Transcribe the data below verbatim from the line with "Puck Futin ich" to the line with "Red Black Floral". Include both of those lines.

**PROVIDED DATA:**
......
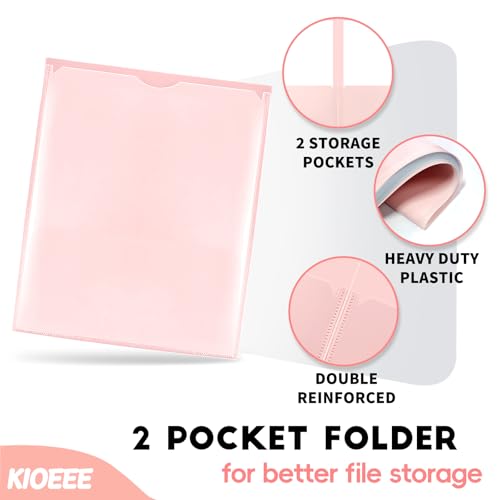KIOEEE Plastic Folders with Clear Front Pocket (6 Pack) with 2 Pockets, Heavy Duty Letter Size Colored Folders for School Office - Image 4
......
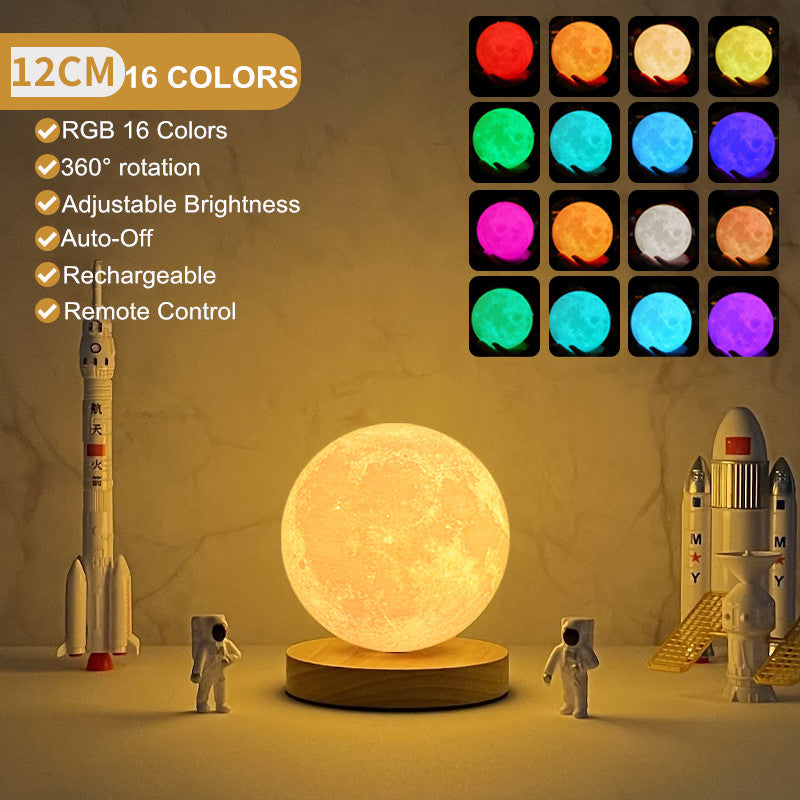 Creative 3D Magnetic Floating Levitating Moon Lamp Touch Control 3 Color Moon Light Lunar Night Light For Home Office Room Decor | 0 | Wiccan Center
......
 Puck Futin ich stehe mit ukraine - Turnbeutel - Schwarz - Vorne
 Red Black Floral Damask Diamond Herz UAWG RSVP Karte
......
**ANSWER AREA:**
 Puck Futin ich stehe mit ukraine - Turnbeutel - Schwarz - Vorne
 Red Black Floral Damask Diamond Herz UAWG RSVP Karte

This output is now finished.